View Full Version : The Economist Scoop


Colin Dunstan
03-23-2004, 12:35 PM
URL: http://www.economist.com/
Name: Economist
Description: Economist
AuthorName: Goh Boon Nam
# Version 1.0
# Date updated : 9 Jan 2004

ignatz
03-23-2004, 12:47 PM
This looks great! Economist.com seems to be having some problems just now, but I'm looking forward to adding this to my sites list. Thanks Morpheus.

ignatz
03-23-2004, 11:16 PM
I've been testing this and I seem to get shut down. I get an HTTP GET error with the message "Automatic downloading forbidden". Now that's just not neighborly. Anyone solved this?

Alexander Turcic
03-24-2004, 02:59 AM
Hm I've been studying Sitescooper the past few days (on your advise, ignatz!), but I don't see any option to slowdown the html download process. I think Economist has some kind of mod_bandwidth module running.

stobs
03-28-2004, 05:49 AM
Is it possible to set up the user-agent ID to something like:
Mozilla/3.0 (compatible; AvantGo 5.2; FreeBSD)
perhaps that is the problem?

-S.

Hm I've been studying Sitescooper the past few days (on your advise, ignatz!), but I don't see any option to slowdown the html download process.
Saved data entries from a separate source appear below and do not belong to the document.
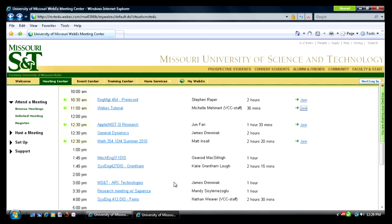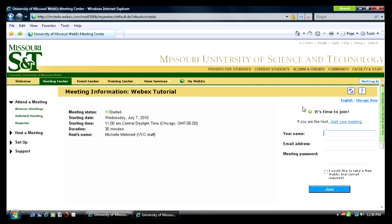To enter the meeting, click on Join in the far right column. Once you have done this, you will be prompted to type your name and your Missouri S&T email address.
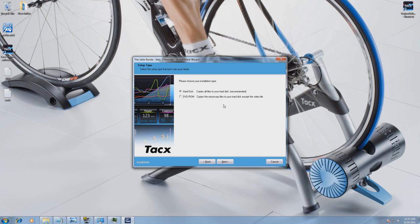We advise you not to use any external hard disk. You need to be aware that you have to put in the DVD if you want to run the video via the DVD-ROM selection.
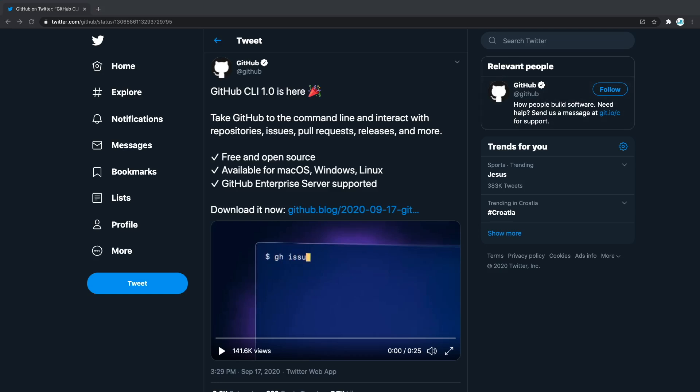Hello everyone and welcome to another JavaScript mastery video. In this short video I have something interesting prepared for you. GitHub CLI brings GitHub to your terminal.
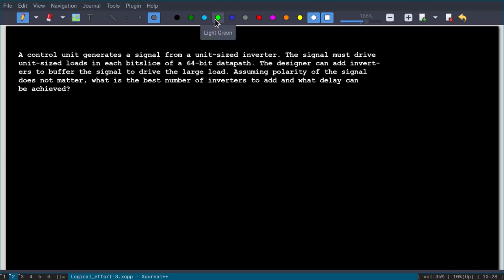Hello. Let us solve this problem. The problem statement is: a control unit generates a signal from a unit-sized inverter. The signal must drive unit-sized loads in each bit slice of a 64-bit data path. The designer can add inverters to buffer the signal to drive the large load. Assuming polarity of the signal does not matter, what is the best number of inverters to add and what delay can be achieved?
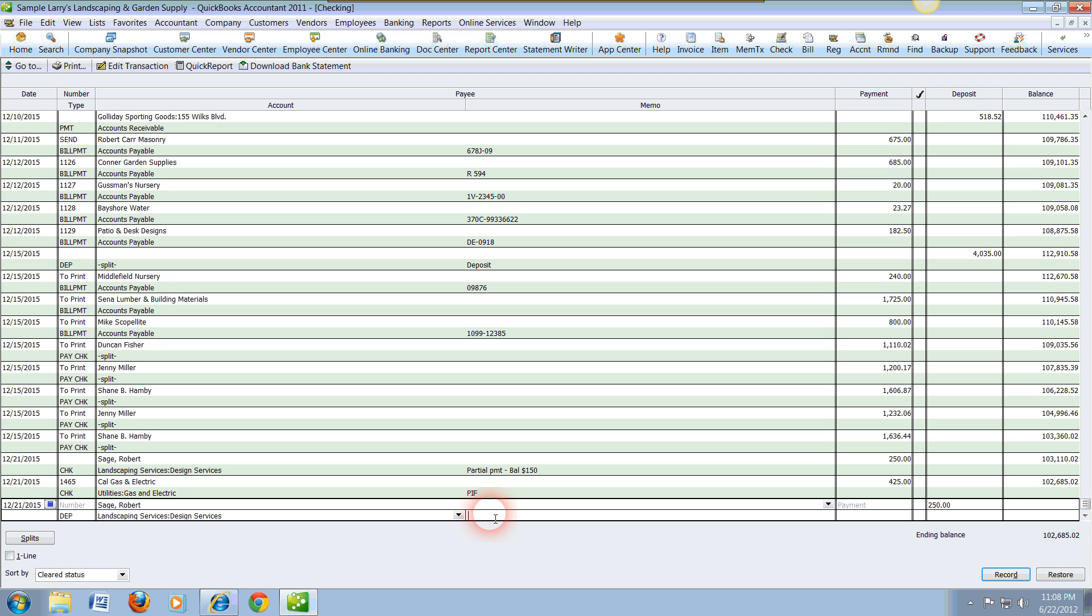In this case, let's say that this client actually only paid us a partial payment, so it's something that you can record and make yourself a notation.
I think Economist has some kind of mod_bandwidth module running.

Alexander Turcic
03-31-2004, 12:33 PM
Is it possible to set up the user-agent ID to something like:
Mozilla/3.0 (compatible; AvantGo 5.2; FreeBSD)
perhaps that is the problem?

-S.
stobs, it is possible to change the user-agent when you edit a sitescooper file. You can find more info here (http://www.mobileread.com/forums/showpost.php?p=6523&postcount=7).

Alexander Turcic
04-03-2004, 02:42 AM
I've improved the original economics scoop somewhat to exclude unwanted content.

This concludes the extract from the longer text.